Maureen O’Boyle, the orchestra’s concertmaster, was the soloist for the Concerto for Violin No. 3 by Grazyna Bacewicz. Bacewicz was an accomplished violinist as well as an acclaimed composer in her native Poland and elsewhere, although her work is not well known in the United States.
This concerto, written in the late 1940s, exploits the violin to full effect –– it’s loaded with all the “special effects” a violin can muster, from double-stops to pizzicato to passage work done at knuckle-cracking speed, as well as spanning the entire range of the instrument, from low-register growls to shrill and piercing highs.
And it’s set against an orchestral accompaniment that is almost cinematic in its sweep –– music that often flirts with the sentimental, but is kept from succumbing to schmaltz thanks to a keen, modernist edge.
O’Boyle played this piece with great confidence and gusto, from building the first movement from its slow, almost simple beginnings into a blazing, all-out finale that had the audience at the VanTrease PACE applauding, through the very languid second movement with its melancholy folk-song melodies, to the wild dance of the finale.
These two works were so successful and enjoyable that one might have wished to hear more recent music from “the land of Chopin.” Instead, the concert concluded with Beethoven’s Symphony No. 5 –– perhaps out of place thematically, but here performed with precise and panache.
Much has been made of the opening phrase of this symphony –– it’s even the subject of a recent book, “The First Four Notes: Beethoven’s Fifth and the Human Imagination” by Matthew Guerrieri.
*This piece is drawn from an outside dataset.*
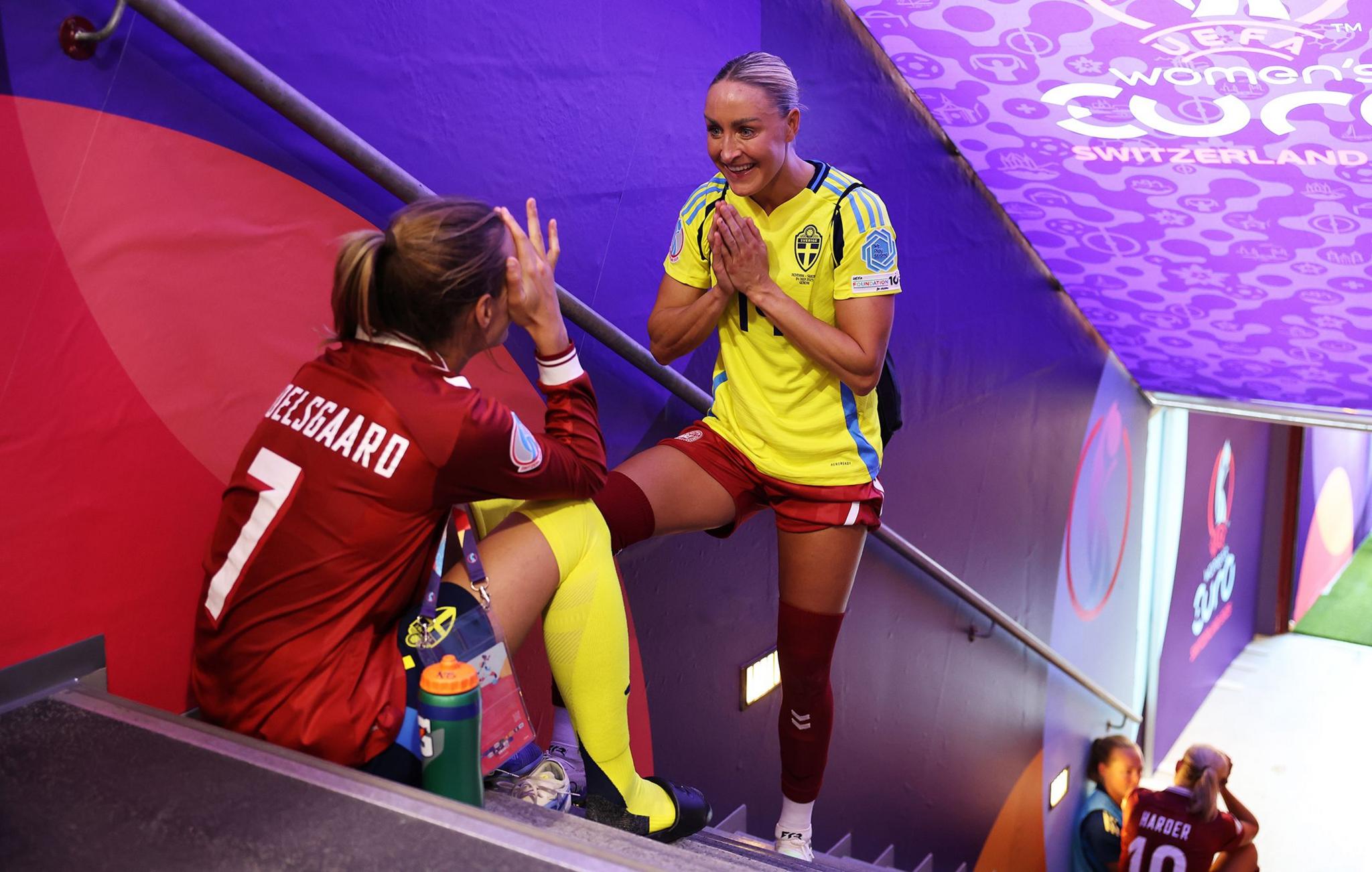 Denmark's Sanne Troelsgaard chats to Sweden's Nathalie Bjoern inside the players tunnel following their teams facing  each other. Photo by Charlotte Wilson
Maybe the best thing to say about the Signature Symphony’s performance is that you heard nothing but the music.
Sulkowski set a crisp pace from the start, and shaped the music with sharp, discerning hand –– a biting attack on those opening notes, nothing portentous or ponderous, that carried through the first movement and gave it just the right note of urgency; the serenity of the slow, quiet third movement (highlighted by a fine solo from principal bassoonist Jim Fellows) abruptly exploding into the pyrotechnics of the finale.
Only in the second movement did a few problems arise –– some less than clear notes from the horns, uncertain passages in the strings – but these lapses did not distract from the overall excellence of the performance.